Como em janeiro de 2016 o IPCA havia aumentado 1,27%, e neste ano as projeções estão por volta de 0,50%, o acumulado em 12 meses pode ficar abaixo de 6% já no primeiro mês de 2017. Para este mês, a LCA projeta alta de 0,50% no IPCA, o que levaria o indicador acumulado em 12 meses a recuar para 5,48%. O índice não sobe menos do que 6% em 12 meses desde fevereiro de 2014.
"O cenário mudou bastante do começo do ano para agora", diz Rodrigo Alves de Melo, economista-chefe da Icatu Vanguarda, referindo-se ao impacto da atividade fraca sobre a inflação de serviços, que demorou para aparecer, mas também à trajetória mais tranquila do câmbio e à moderação na inflação dos alimentos. Para Melo, o IPCA tem "grandes chances" de terminar 2017 no centro da meta, de 4,5%.
Na passagem mensal, os serviços avançaram de 0,42% para 0,65%, aumento sazonal e bastante influenciado pelo salto de 26,3% das passagens aéreas, avalia Melo. Já a inflação subjacente dos serviços - núcleo criado pelo Banco Central que exclui turismo, serviços domésticos, cursos e comunicação - desacelerou no período, de 0,43% para 0,35%, fechando o ano em 6,27% nos cálculos do economista.
Para Angelo Polydoro, do banco Brasil Plural, outros preços foram influenciados pela menor demanda em dezembro.
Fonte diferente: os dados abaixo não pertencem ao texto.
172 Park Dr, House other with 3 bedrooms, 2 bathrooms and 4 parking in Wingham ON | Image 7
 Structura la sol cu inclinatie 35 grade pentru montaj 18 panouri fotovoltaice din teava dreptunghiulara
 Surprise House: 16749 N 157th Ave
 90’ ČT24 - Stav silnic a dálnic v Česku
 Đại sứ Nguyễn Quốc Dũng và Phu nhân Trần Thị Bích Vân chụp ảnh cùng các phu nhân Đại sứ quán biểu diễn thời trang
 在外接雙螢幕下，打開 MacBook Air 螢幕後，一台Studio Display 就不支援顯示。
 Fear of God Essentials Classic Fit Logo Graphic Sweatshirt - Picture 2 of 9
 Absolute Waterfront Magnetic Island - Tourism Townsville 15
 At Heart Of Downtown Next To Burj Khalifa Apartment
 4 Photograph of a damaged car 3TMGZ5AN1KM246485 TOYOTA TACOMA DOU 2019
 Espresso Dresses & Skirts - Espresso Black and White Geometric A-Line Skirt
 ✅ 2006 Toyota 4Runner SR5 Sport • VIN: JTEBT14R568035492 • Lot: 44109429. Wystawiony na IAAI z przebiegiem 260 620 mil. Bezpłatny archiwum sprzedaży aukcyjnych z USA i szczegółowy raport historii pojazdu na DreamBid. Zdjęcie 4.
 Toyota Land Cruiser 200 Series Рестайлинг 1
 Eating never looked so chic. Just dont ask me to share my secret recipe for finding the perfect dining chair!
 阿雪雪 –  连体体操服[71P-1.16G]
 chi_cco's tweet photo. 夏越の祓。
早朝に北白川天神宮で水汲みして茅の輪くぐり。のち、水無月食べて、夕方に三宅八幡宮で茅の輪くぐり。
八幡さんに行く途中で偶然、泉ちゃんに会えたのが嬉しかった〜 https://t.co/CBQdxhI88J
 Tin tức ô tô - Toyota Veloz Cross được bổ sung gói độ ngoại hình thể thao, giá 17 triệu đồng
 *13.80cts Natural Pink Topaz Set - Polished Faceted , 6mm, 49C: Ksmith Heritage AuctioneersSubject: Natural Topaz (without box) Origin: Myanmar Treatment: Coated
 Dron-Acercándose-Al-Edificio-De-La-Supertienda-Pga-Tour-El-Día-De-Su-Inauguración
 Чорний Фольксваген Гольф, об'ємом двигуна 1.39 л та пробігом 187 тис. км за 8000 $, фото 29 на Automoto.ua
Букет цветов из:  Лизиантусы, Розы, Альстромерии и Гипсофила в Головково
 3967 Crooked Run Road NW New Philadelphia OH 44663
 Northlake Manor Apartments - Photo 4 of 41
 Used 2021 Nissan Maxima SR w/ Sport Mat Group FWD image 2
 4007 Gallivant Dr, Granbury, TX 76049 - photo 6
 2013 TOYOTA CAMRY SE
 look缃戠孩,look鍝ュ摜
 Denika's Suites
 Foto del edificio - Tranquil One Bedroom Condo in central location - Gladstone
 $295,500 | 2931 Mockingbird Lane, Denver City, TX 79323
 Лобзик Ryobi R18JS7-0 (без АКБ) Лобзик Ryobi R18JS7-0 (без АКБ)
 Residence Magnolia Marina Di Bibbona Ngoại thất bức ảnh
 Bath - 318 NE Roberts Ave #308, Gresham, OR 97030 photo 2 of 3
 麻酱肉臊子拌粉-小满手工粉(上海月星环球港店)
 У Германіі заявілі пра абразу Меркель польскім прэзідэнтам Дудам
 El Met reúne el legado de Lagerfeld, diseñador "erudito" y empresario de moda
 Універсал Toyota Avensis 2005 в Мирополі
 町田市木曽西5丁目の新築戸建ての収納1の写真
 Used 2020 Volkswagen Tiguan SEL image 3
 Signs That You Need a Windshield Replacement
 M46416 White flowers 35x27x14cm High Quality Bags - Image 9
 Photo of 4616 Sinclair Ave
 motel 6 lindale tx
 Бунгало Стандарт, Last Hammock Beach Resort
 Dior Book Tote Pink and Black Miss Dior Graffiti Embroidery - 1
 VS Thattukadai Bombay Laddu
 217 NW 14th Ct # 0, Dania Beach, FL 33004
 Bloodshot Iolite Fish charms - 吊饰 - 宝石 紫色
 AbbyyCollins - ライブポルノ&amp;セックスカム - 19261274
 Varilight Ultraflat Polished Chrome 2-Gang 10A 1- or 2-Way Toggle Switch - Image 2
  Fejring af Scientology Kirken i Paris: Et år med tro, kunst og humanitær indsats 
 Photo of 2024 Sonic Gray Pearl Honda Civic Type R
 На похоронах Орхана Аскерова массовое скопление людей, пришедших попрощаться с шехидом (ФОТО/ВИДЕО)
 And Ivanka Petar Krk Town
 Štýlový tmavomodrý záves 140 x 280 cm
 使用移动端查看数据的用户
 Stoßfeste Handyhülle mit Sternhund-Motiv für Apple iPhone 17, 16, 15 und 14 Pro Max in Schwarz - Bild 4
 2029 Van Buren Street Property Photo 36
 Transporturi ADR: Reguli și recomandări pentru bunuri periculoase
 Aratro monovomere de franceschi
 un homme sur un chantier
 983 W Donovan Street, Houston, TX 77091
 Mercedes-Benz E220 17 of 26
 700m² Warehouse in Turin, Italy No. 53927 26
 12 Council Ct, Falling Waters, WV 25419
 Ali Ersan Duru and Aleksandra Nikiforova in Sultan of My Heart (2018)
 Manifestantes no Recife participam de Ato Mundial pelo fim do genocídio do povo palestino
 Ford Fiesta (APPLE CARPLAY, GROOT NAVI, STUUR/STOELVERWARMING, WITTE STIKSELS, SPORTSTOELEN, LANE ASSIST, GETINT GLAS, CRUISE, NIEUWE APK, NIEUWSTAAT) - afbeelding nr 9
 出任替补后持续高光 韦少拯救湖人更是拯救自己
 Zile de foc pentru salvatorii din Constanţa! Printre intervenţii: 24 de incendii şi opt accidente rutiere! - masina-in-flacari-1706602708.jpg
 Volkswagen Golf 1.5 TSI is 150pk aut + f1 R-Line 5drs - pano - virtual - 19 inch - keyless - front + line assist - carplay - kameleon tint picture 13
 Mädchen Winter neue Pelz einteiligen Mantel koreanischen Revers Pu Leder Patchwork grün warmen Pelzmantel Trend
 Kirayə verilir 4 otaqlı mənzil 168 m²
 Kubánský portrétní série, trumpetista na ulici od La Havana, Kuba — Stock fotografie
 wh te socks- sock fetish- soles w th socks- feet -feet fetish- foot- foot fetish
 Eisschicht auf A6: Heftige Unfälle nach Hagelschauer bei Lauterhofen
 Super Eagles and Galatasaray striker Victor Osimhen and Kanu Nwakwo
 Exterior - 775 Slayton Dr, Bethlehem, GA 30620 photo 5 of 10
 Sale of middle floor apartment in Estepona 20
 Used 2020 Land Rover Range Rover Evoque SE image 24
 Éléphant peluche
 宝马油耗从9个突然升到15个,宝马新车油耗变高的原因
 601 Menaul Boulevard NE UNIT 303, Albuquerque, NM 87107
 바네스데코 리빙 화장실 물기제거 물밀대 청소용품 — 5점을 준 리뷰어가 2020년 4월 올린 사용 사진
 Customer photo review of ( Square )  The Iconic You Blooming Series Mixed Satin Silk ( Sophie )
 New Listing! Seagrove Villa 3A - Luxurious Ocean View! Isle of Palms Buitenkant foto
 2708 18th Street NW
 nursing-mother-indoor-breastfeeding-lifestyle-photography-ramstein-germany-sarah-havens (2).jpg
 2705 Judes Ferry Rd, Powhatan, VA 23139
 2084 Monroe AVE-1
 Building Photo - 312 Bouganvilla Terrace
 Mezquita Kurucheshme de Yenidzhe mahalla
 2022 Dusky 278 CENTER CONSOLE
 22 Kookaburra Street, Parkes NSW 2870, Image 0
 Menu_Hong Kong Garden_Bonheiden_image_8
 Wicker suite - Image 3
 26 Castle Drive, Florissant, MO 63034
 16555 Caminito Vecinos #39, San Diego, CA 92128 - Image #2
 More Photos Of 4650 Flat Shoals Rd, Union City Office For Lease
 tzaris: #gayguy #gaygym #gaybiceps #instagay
Os artigos de vestuário subiram apenas 0,32% no mês, ante 1,15% há um ano. Dentro do grupo de artigos de residência, que recuou 0,31% na medição atual do IPCA, ele menciona as deflações nos preços de TV, som e informática e de consertos e manutenção, de 2,15% e 0,12%, respectivamente. "Com o desemprego elevado, quem oferece serviços de conserto não vê espaço para reajustar seus preços", observa Polydoro. Além disso, a oferta no setor aumentou, porque há mais pessoas fazendo bicos, diz.
Segundo David Beker, chefe de economia e estratégia do Bank of America Merrill Lynch (BofA), o IPCA subiu menos do que o previsto pelo quinto mês consecutivo. "A inflação continua desacelerando, dando tranquilidade para o BC intensificar o processo de corte de juros adiante", diz Beker, para quem o IPCA vai desacelerar a 4,7% em 2017.
Fabio Romão, da LCA Consultores, afirma que o carro-chefe da descompressão inflacionária é a variação mais baixa dos alimentos, que foram afetados no fim de 2015 e início de 2016 por problemas climáticos associados ao El Niño. Agora, com a transição para o La Niña moderado, as condições melhoraram, diz, o que anuncia também alta dos alimentos mais fraca do que a sazonalidade para janeiro, de 0,51%.
Alimentos e bebidas subiram, em média, 8,62% no ano e responderam por quase 35% da alta do IPCA em 2016, maior impacto do período. A variação foi menor que a registrada em 2015, quando o grupo subiu 12,03%. Para 2017, a expectativa é que a safra cresça 16%, o que deve diminuir a pressão dos alimentos no custo de vida, apontou Eulina Nunes dos Santos, coordenadora dos índices de preços do IBGE.
Mesmo com alívio na parte de alimentos e dos serviços, Romão avalia que o IPCA encerrá 2017 com alta de 5,3%, ainda acima do centro da meta. Os preços administrados por contrato, que devem avançar de 5,5% para 6,4%, impedem que o indicador fique mais perto do alvo, embora o cenário inflacionário continue bastante favorável, pondera.